*Provided data*:
Content starts

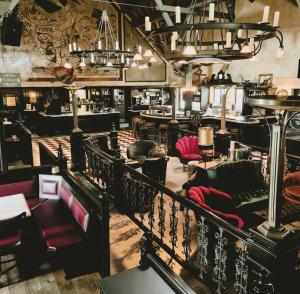 un restaurante con sillas rojas y un bar en Riffelhof, en Burgrieden
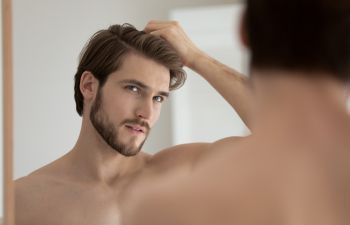 Handsome man combing his hair with fingers in front of a mirror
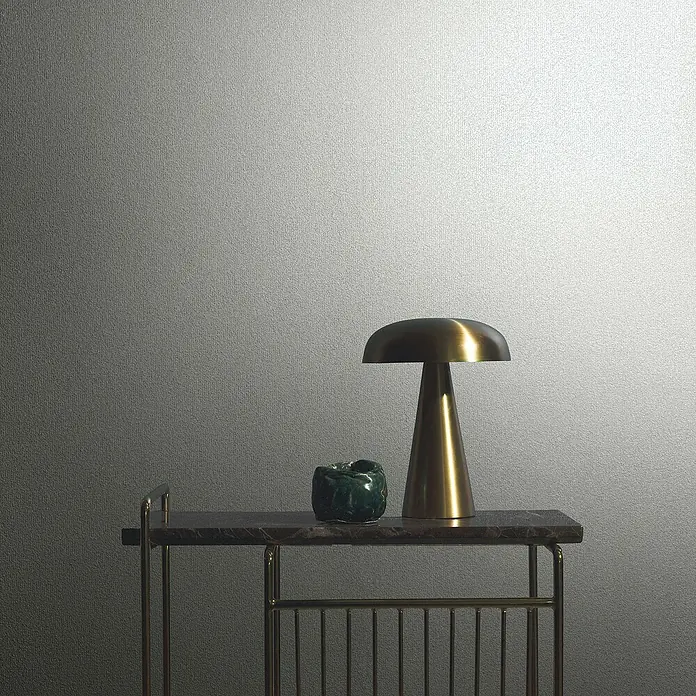 Marburg Eclectic Vliestapete - Sandbeige, Uni, 10,05 x 0,7 m - Nahaufnahme einer Tischleuchte und einer grünen Dekoration auf einem goldenen Beistelltisch vor einem neutralen Hintergrund.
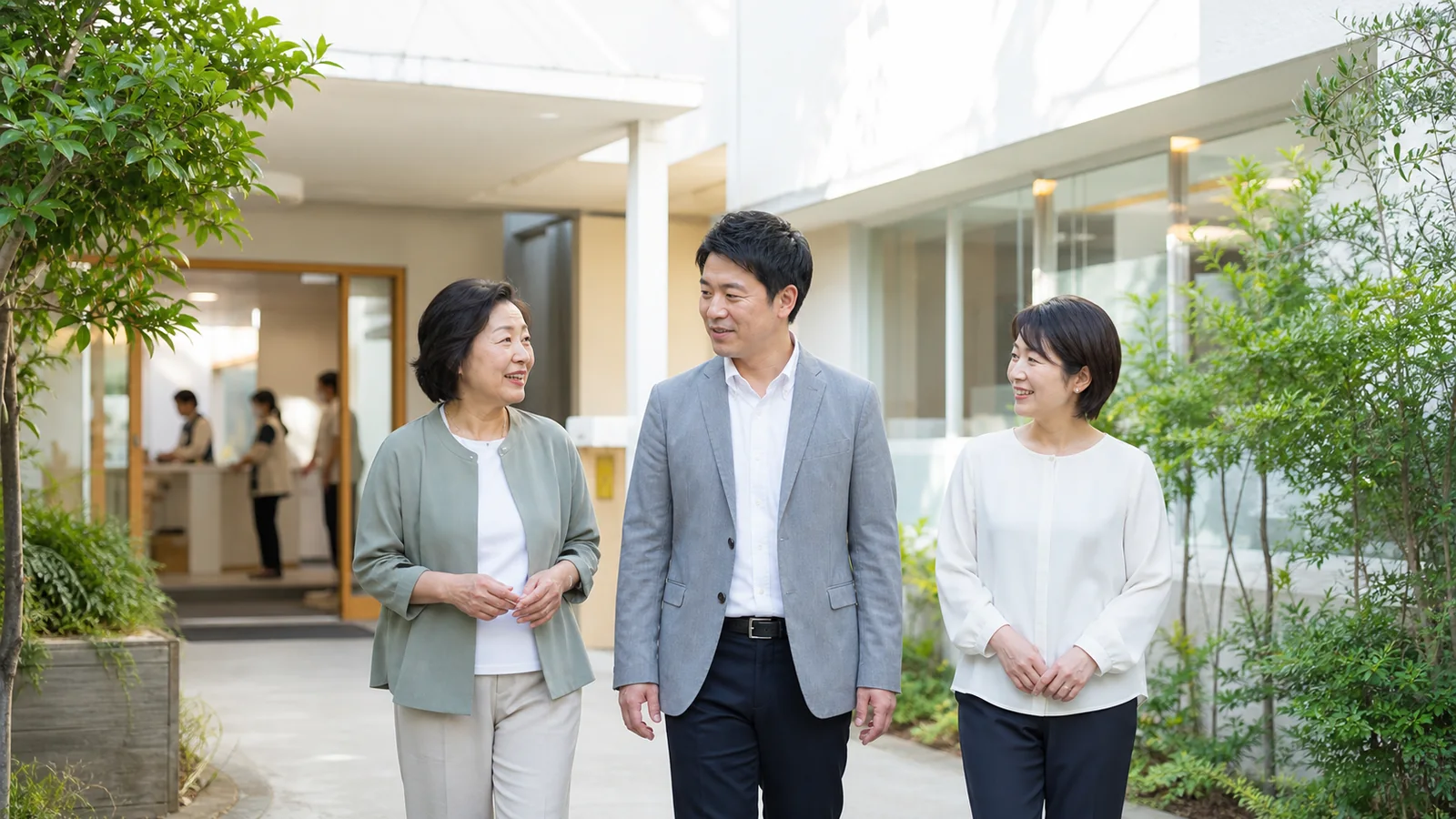 建物の中庭を歩きながら話す3人の説明用イメージ
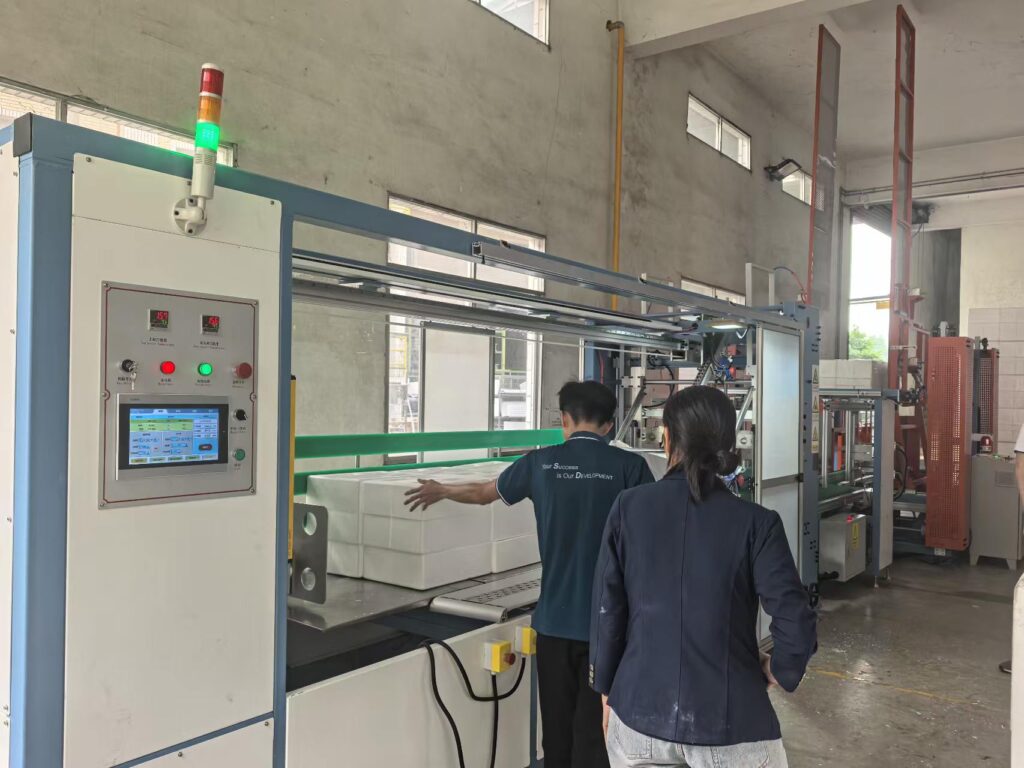 YouXin engineer and Jiabao Vietnam staff reviewing EPS wrapping machine operation in the plant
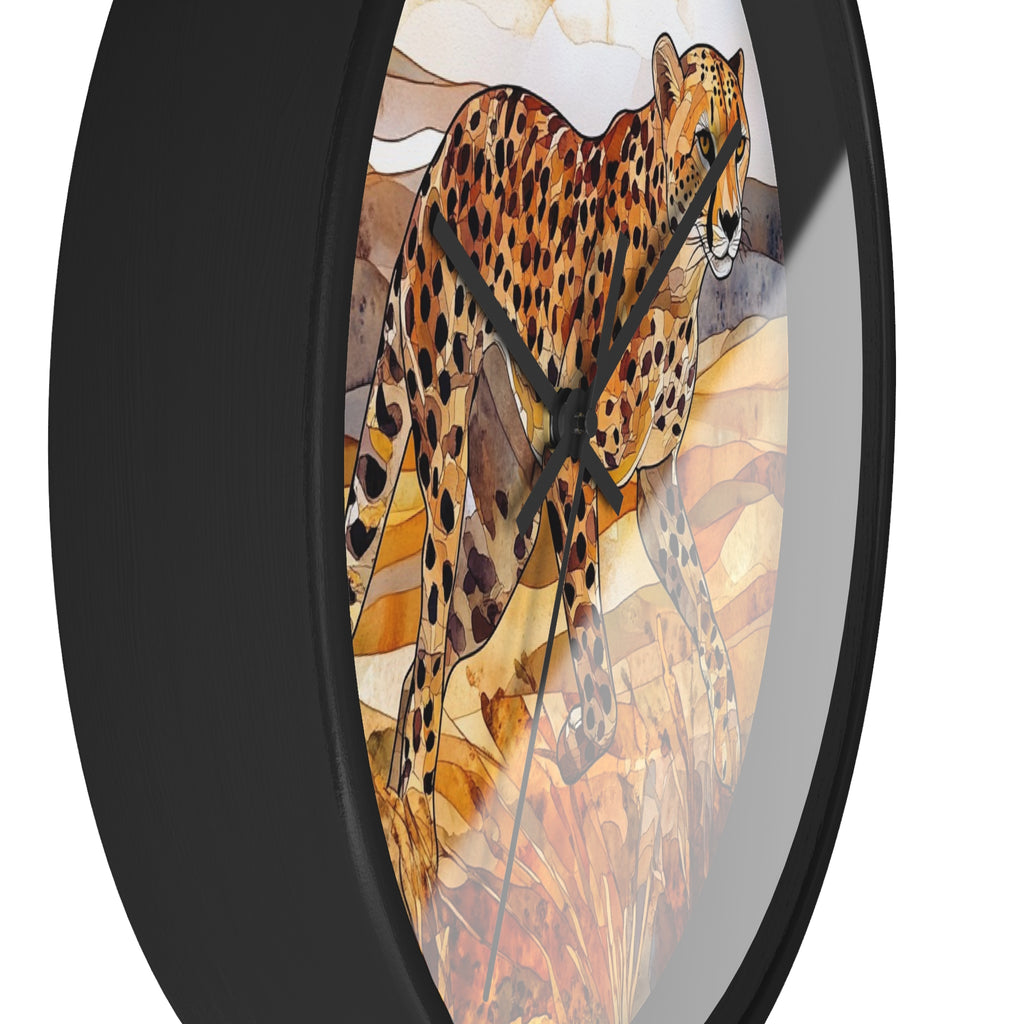 Round wall clock with a black frame and a printed artwork of a cheetah in warm tan, brown, and black tones on a white background.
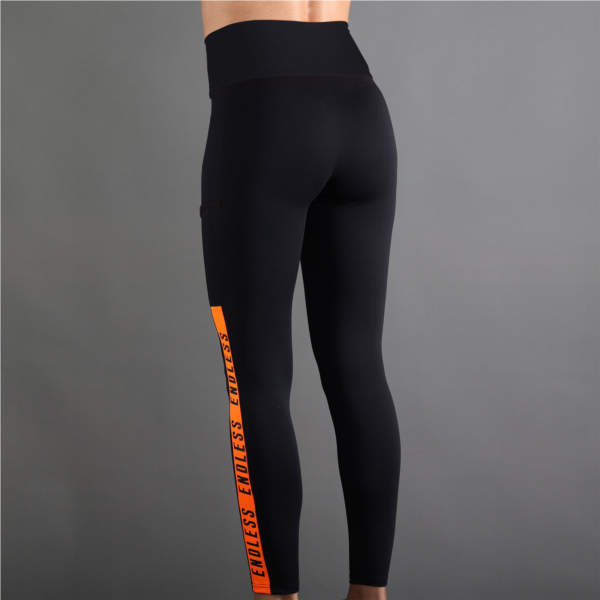 LEGGINGS SYNCRO - NOIR ORANGE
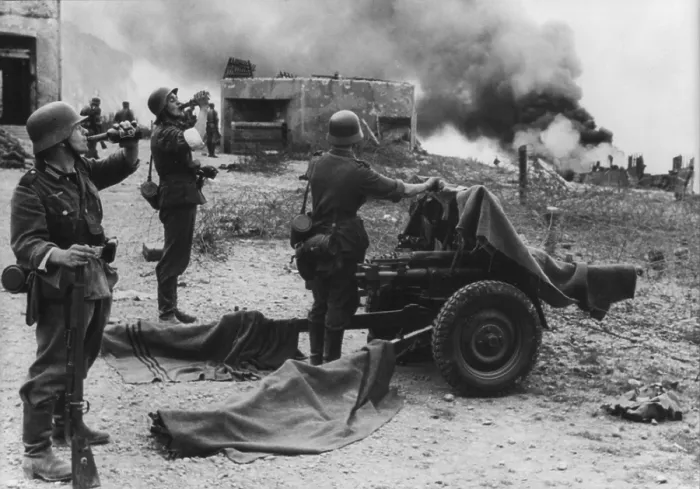 Framed Print : German soldiers drink beer during the burning of Dieppe, France. World War 2, Battle of France, May 10-June 21, 1940. (BSLOC_2014_7_65)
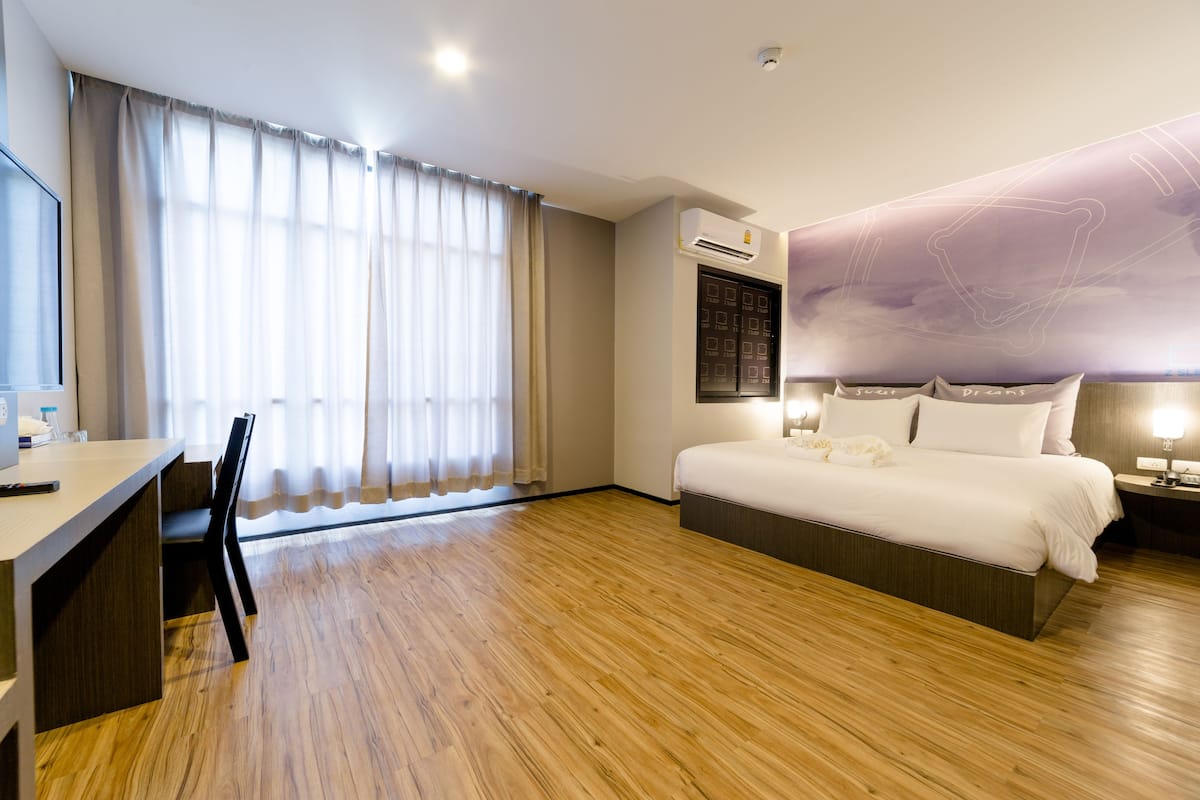 A hotel room with a wooden floor, a bed with white bedding, a desk with a chair, and a large window with curtains.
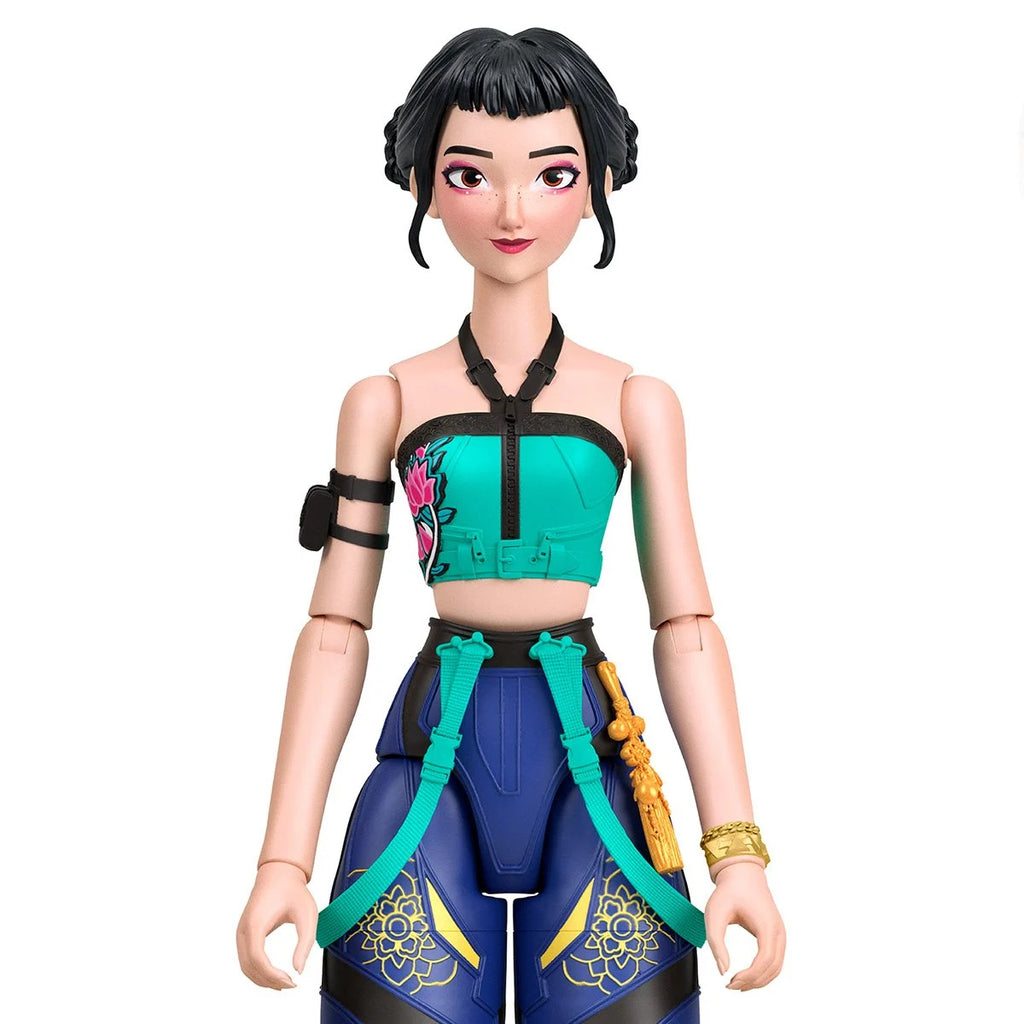 A stylized female action figure or doll shown against a plain white background. The figure has black hair, a turquoise and black cropped top with floral print, blue pants with gold floral details, and teal and black accessories.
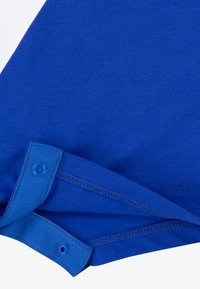 Blå bomullsstoff med myk tekstur, med brettet kant og knappedetaljer. Sydd kant og glatt finish er synlig.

Content ends

*The problem*:
Produce an exact copy of the lines from the line with "Framed Print : German" through the last line of the data above, both ends included. No pictures belong in it.

*Written response*:
 Framed Print : German soldiers drink beer during the burning of Dieppe, France. World War 2, Battle of France, May 10-June 21, 1940. (BSLOC_2014_7_65)
 A hotel room with a wooden floor, a bed with white bedding, a desk with a chair, and a large window with curtains.
 A stylized female action figure or doll shown against a plain white background. The figure has black hair, a turquoise and black cropped top with floral print, blue pants with gold floral details, and teal and black accessories.
 Blå bomullsstoff med myk tekstur, med brettet kant og knappedetaljer. Sydd kant og glatt finish er synlig.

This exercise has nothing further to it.